The bprintf command is an advanced string formatting utility. It is a semantic wrapper for printf(1). bprintf replaces argument order with named arguments and can perform arithmetic within format specifications.

A format string can contain a set of substitutions. A substitution consists of a field name and an optional format specification. The format specification determines how the field value is interpreted and displayed. A single field may be used within multiple substitutions, each with its own formatting.

The format string is reproduced on stdout after performing substitutions.

The backslash notation character escape sequences supported by printf(1) can be used. The ‘%’ character has no special meaning.

A substitution is enclosed in curly braces. To print a literal opening or closing curly brace escape it with a backslash, i.e. ‘\{’ and ‘\}’ respectively.

A substitution consists of the field name and an optional format specification:


A substitution without a specification behaves like a ‘%s’ field in printf(1).

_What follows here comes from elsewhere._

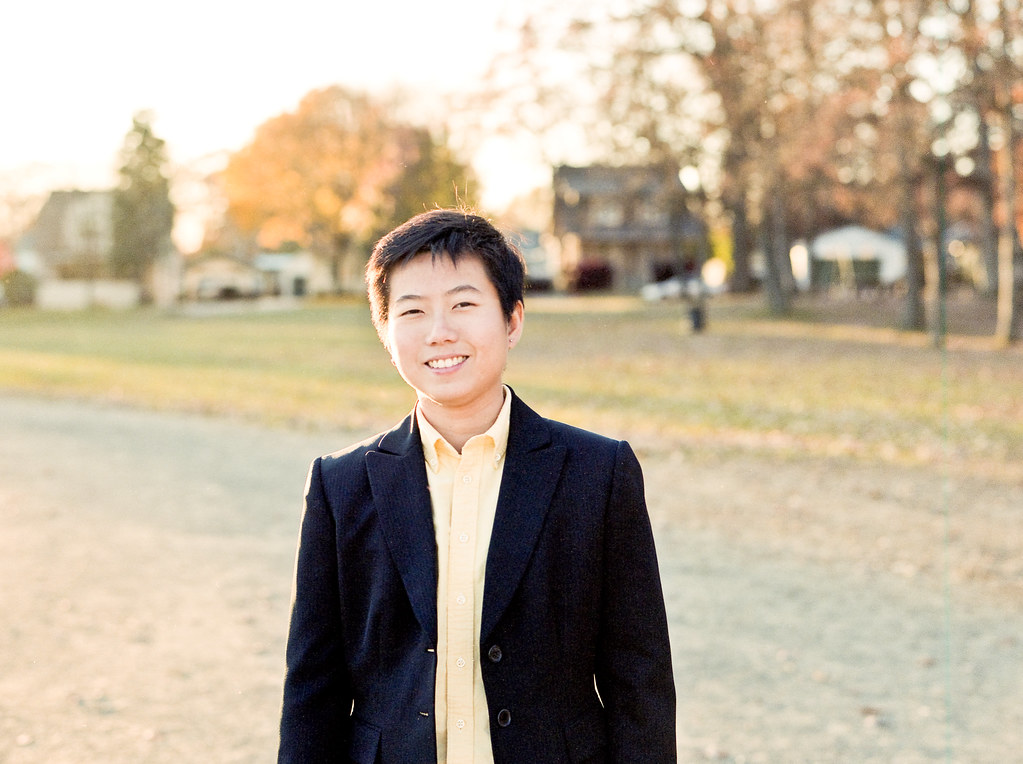 Portrait | Flickr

The format specification consists of the same flags, Field Width, Precision and Format characters described by printf(1). If the format character is not supplied, ‘s’ is implied. An arithmetic expression can be inserted into the format by enclosing it in parenthesis.

Arithmetic expressions support the same Values, Constants and Variables as well as the same Unary, Binary and Conditional operators as described in the Arithmetic Expansion section of sh(1).

Note, this list does not include Assignment operators.

All variables referred to within an expression must have a corresponding field with an integral value assigned. Variables can be assigned values with the same syntax as constants, i.e. an optional sign followed by either a decimal value, hexadecimal value starting with ‘0x’ or an octal value starting with ‘0’.

The format string may use all and any fields supplied by the subsequent field=value arguments. Fields not occurring in the format string are discarded from the output. Values are arbitrary unless used within arithmetic expressions.

Field names must be made up of the pattern ‘[a-zA-Z][a-zA-Z0-9_]*’.

The following is a list of all anticipated exit codes:
Command completed successfully.
Interrupted by signal.
Generic application logic error.
No format string was supplied.
A substitution field has no corresponding field assignment argument.
A substitution field name is illegal.
A substitution format specification is ill-formed.
An arithmetic expression is ill-formed.
An arithmetic expression contains an assignment.
An argument uses an illegal field name.
A field value used in an arithmetic expression is not an integer.

Simple substitution:
$ bprintf 'My name is {name}.\n' name=Johnny
My name is Johnny.

Using a field multiple times:

$ bprintf '{str:.5}\n{str:.10}\n{str}\n' str=SugarHoneyMilk

Use different field types:

$ bprintf '{var:16} = {value:g} {unit}\n' var=g value=9.81 unit=mps^2
               g = 9.81 mps^2

Compute column width using arithmetic expressions:

$ bprintf '| {name:-16} | {val:(cols-36)} {unit:-12} |\n' cols=64 name=Name val=Value unit=Unit
| Name             |                        Value Unit         |
$ bprintf '| {name:-16} | {val:(cols-36).3f} {unit:-12} |\n' cols=64 name=g val=9.81 unit=mps^2
| g                |                        9.810 mps^2        |

printf(1), sh(1)

The bprintf command was added with the bsda2-0.4.0 release.